Rigidity and flexibility of entropies of boundary maps associated to Fuchsian groups

TL;DR

This paper investigates the entropies of boundary maps associated with Fuchsian groups, revealing that topological entropy remains constant across parameter families while measure-theoretic entropy varies, with explicit formulas provided.

Contribution

It proves the rigidity of topological entropy and the flexibility of measure-theoretic entropy in this setting, offering explicit formulas and novel proofs.

Findings

Topological entropy is constant across the family of boundary maps.

Measure-theoretic entropy varies within Teichmüller space, from zero to a maximum.

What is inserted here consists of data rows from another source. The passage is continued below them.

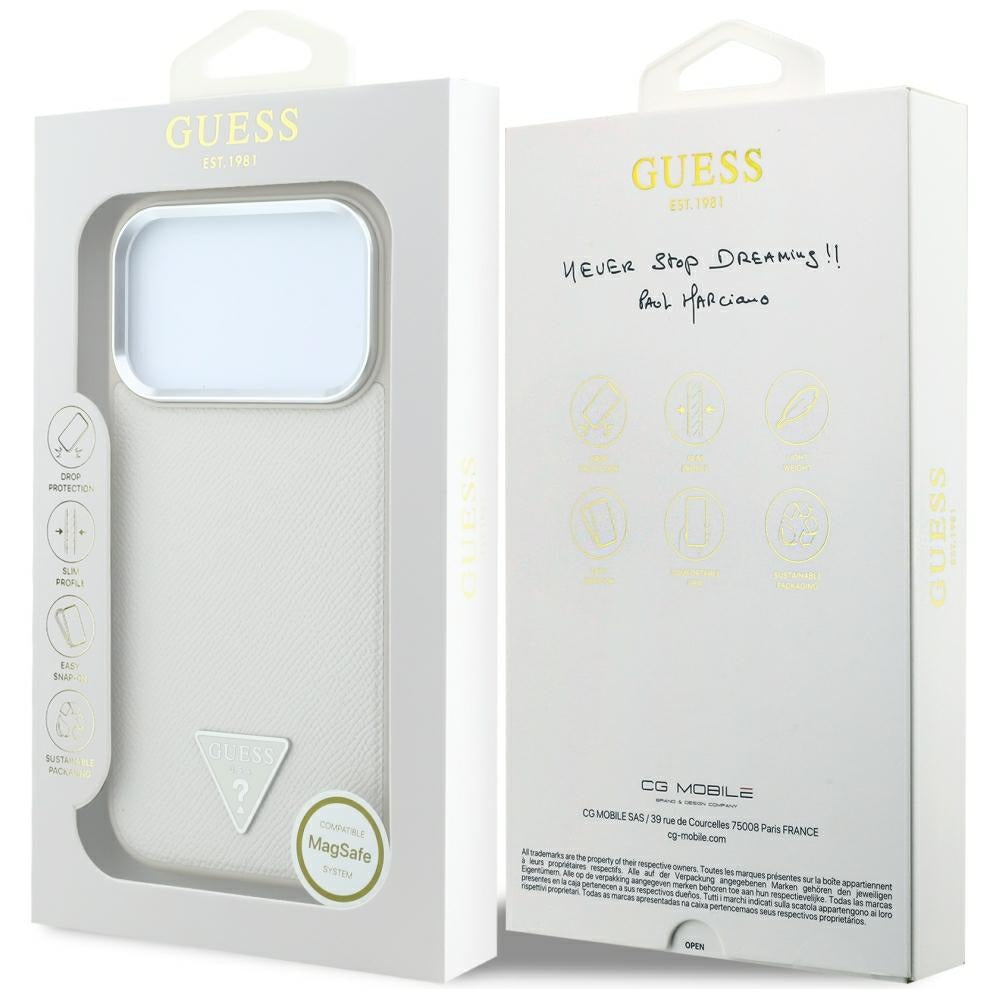 MagSafe-Hülle für Apple iPhone 18 Pro / 17 Pro, Guess, Geprägtes Dreieck-Logo, Beige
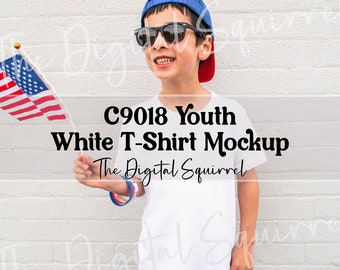 Youth Comfort Colors C9018 White T-Shirt Mockup | Boy 4th of July Outdoor Mock Up | JPEG File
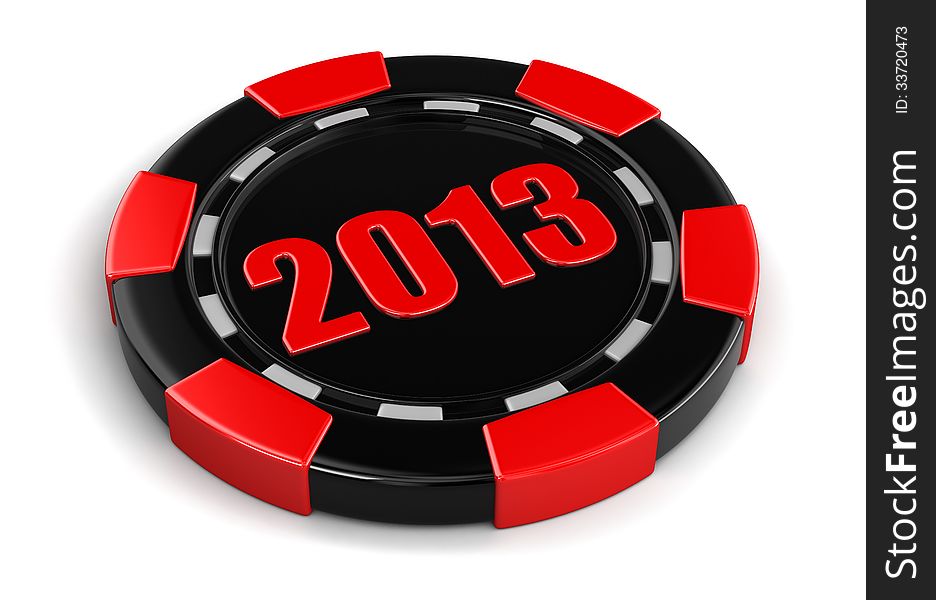 Casino chip 2013. Image with clipping path. Casino chip 2013. Image with clipping path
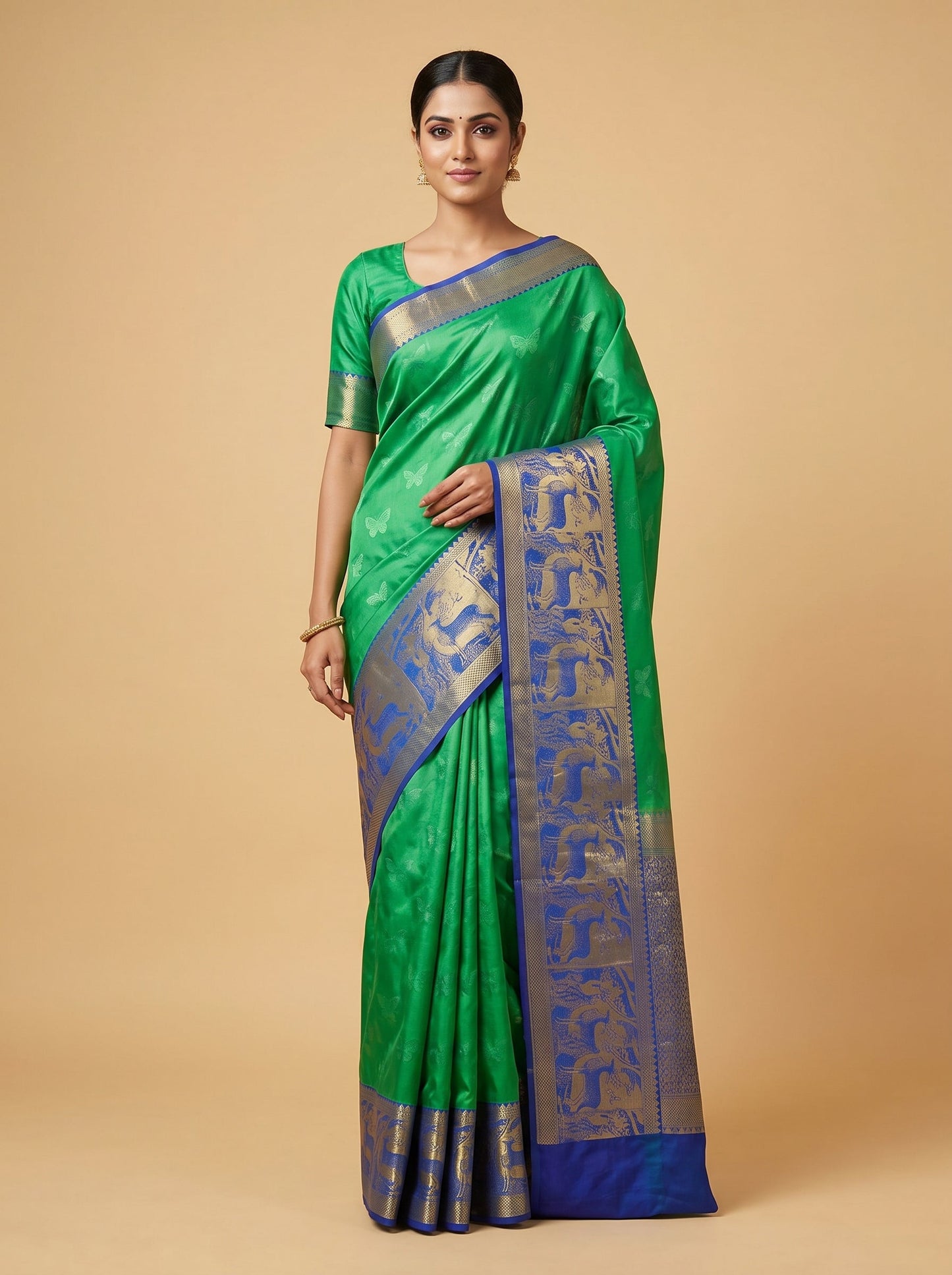Rama Blue Handloom Saree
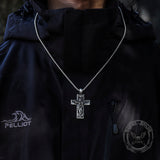 Resurrected Jesus Pure Tin Cross Necklace03 | Gthic.com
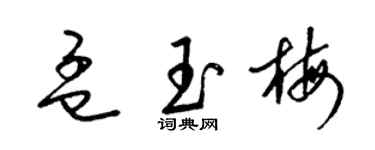 梁锦英孟玉梅草书个性签名怎么写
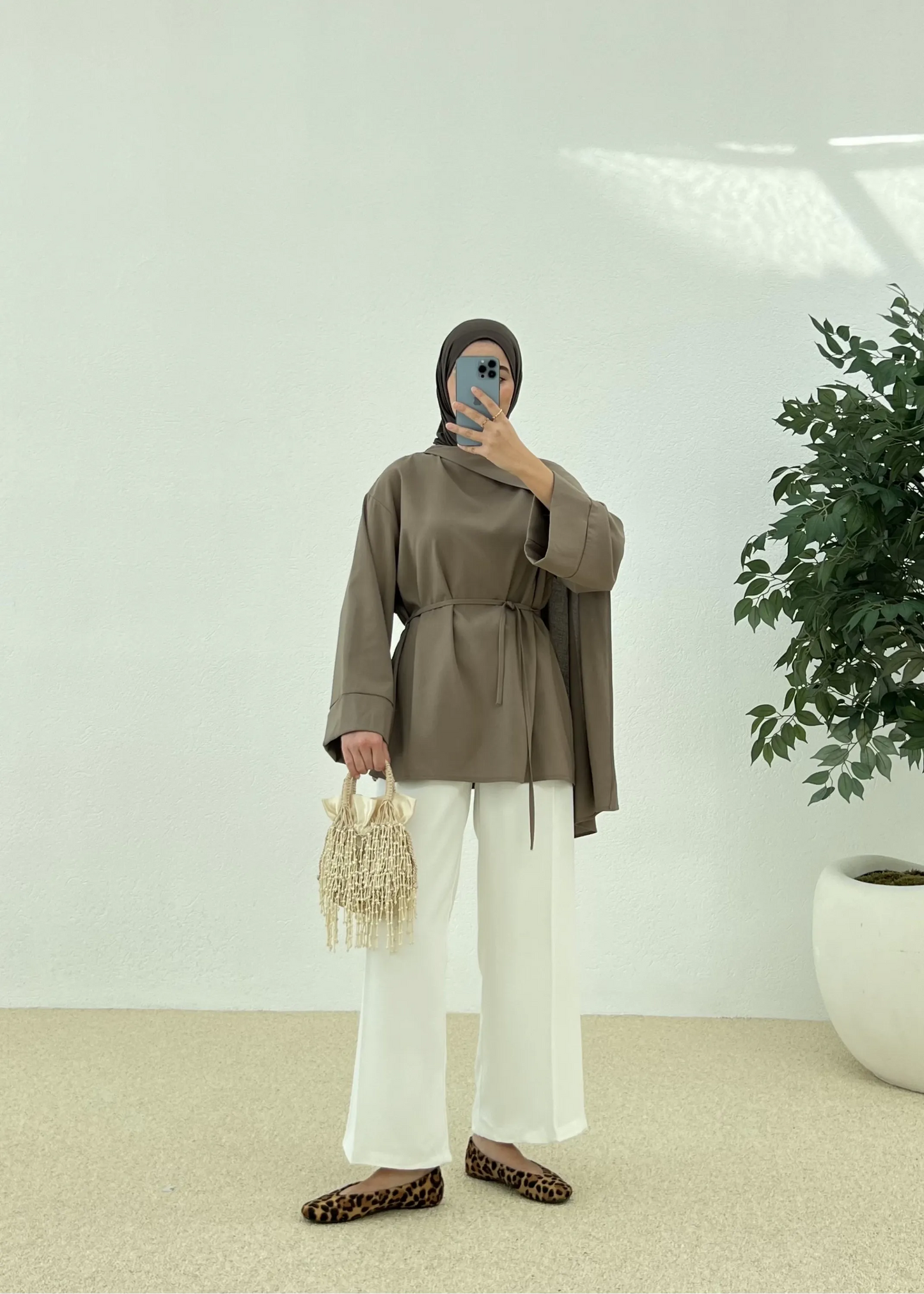 Chic Brown Tunic with Shawl Neckline
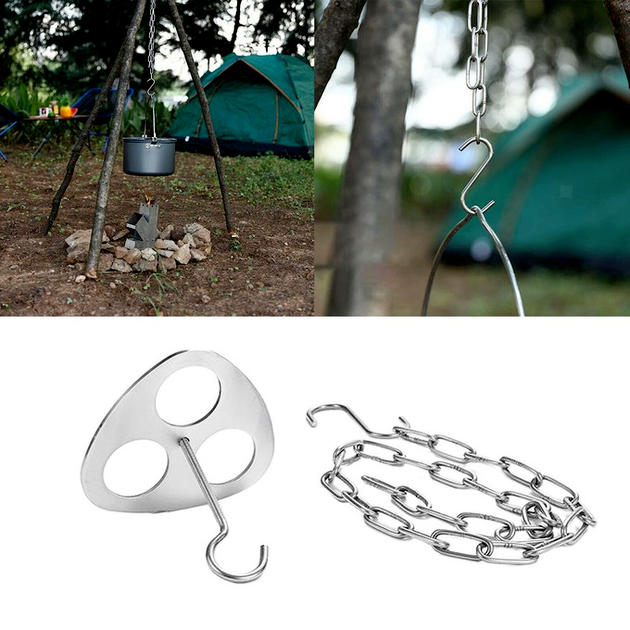 Pot Holder Tools Camping Cooking Tripod Outdoor Campfire Cookware Picnic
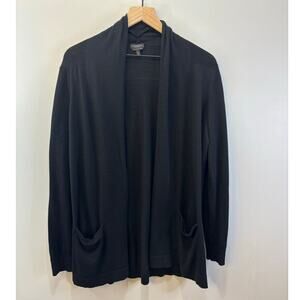 Talbot's Women's Black Open Front Cardigan Merino Wool Size 1X Petite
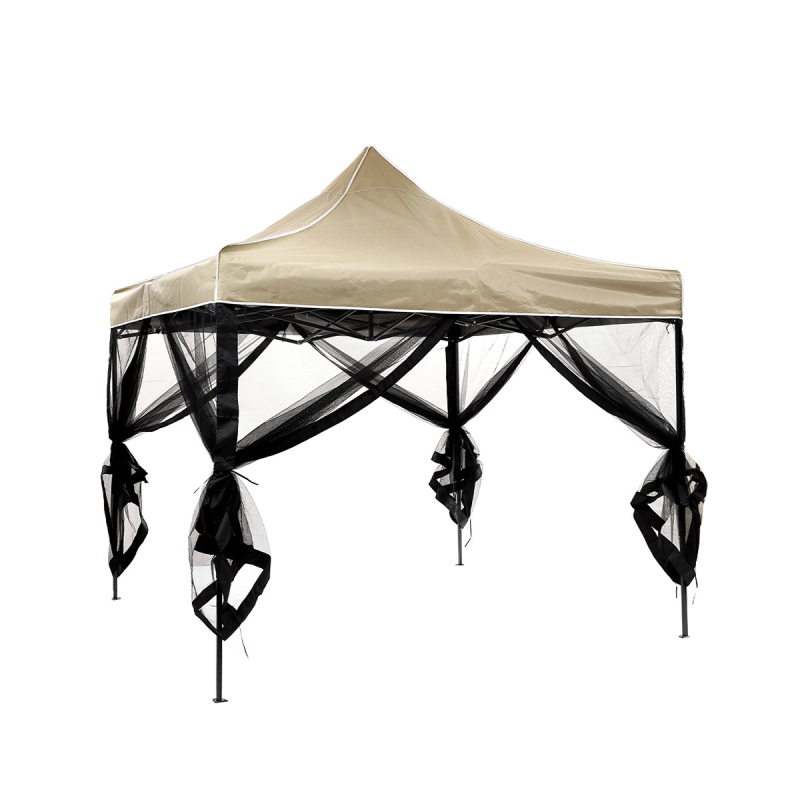 Градинска мрежа против комари с четири врати, стоманена рамка, дворцов стил, полиестерна мрежа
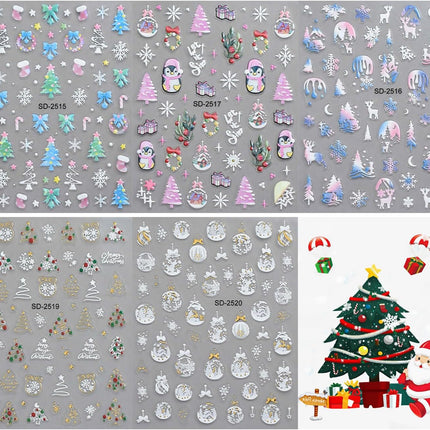 Christmas Nail Art Stickers – 5D Embossed Snowflake & Holiday Designs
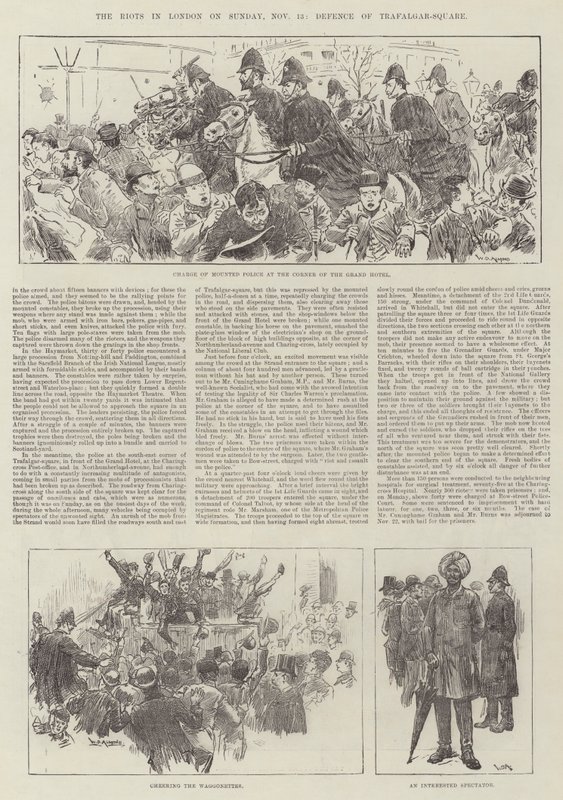 Upploppen i London söndagen den 13 november, Defense of Trafalgar-Square av William Douglas Almond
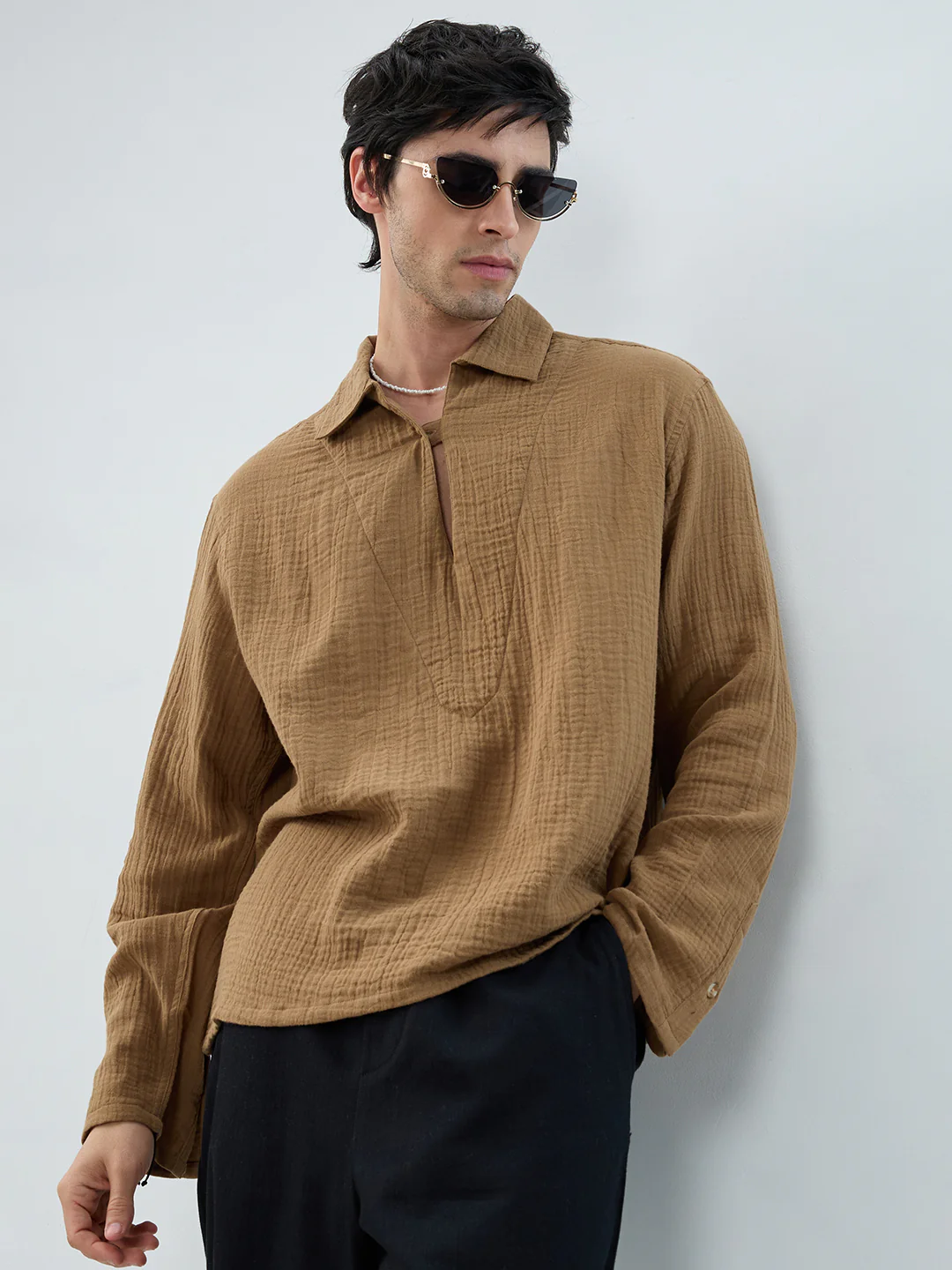 Warm Tan Textured Cuffless Double Cloth Oversized Shirt - Image 2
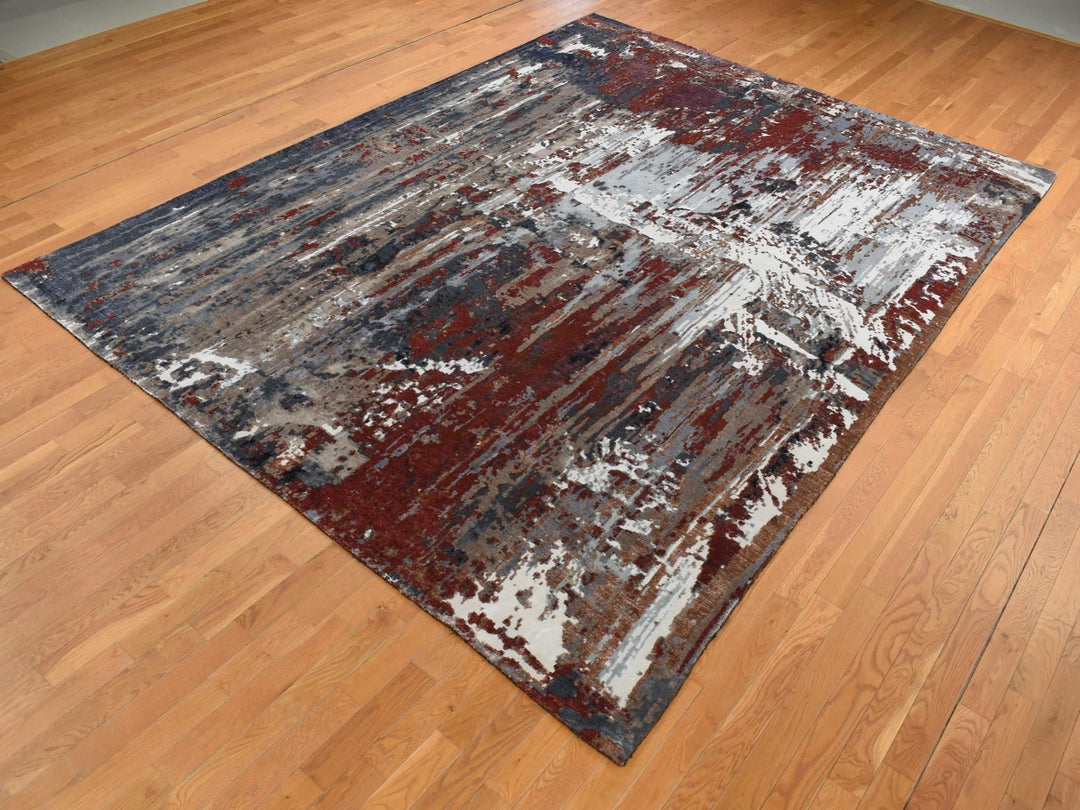 9'0" x 12'2" New Hand Knotted Red Wool & Silk Rectangle Oriental Rug - MOA10287149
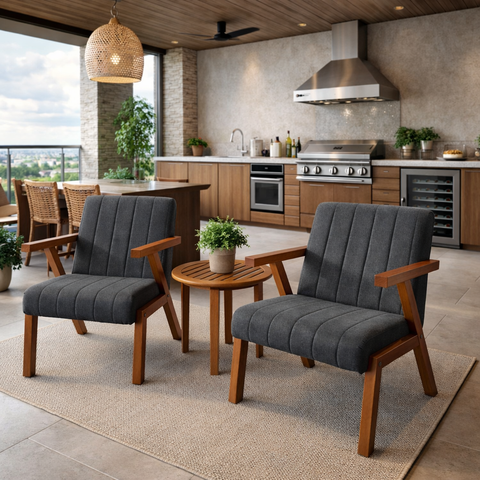 Conjunto 2 Poltronas Serena Linho Premium para Sala de Estar Recepção Sala de Espera Madeira:chumbo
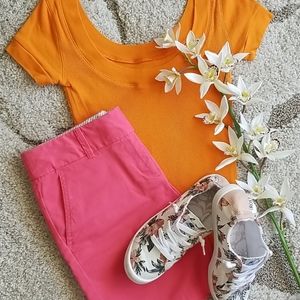 Tee Shop Orange Round Neck Tee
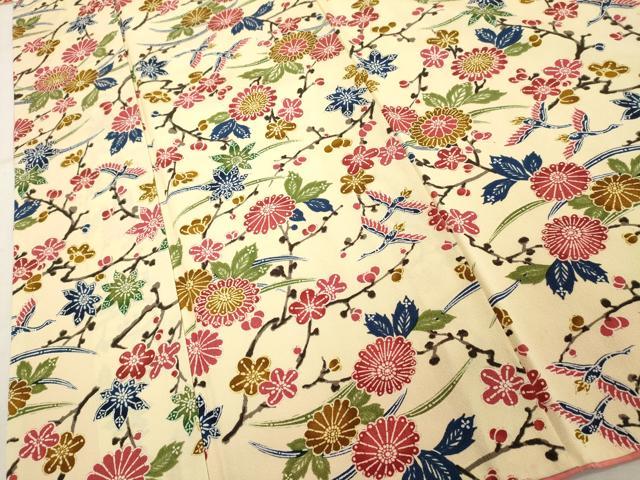 平和屋着物■上質な小紋 型染め 花鳥文 正絹 逸品 DABF9831cd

Explicit formulas for both entropies are derived.

Abstract

Given a closed, orientable surface of constant negative curvature and genus $g \ge 2$, we study the topological entropy and measure-theoretic entropy (with respect to a smooth invariant measure) of generalized Bowen--Series boundary maps. Each such map is defined for a particular fundamental polygon for the surface and a particular multi-parameter. We present and sketch the proofs of two strikingly different results: topological entropy is constant in this entire family ("rigidity"), while measure-theoretic entropy varies within Teichm\"uller space, taking all values ("flexibility") between zero and a maximum, which is achieved on the surface that admits a regular fundamental $(8g-4)$-gon. We obtain explicit formulas for both entropies. The rigidity proof uses conjugation to maps of constant slope, while the flexibility proof -- valid only for certain multi-parameters -- uses the realization of geodesic flow as a special flow over the natural extension of the boundary map.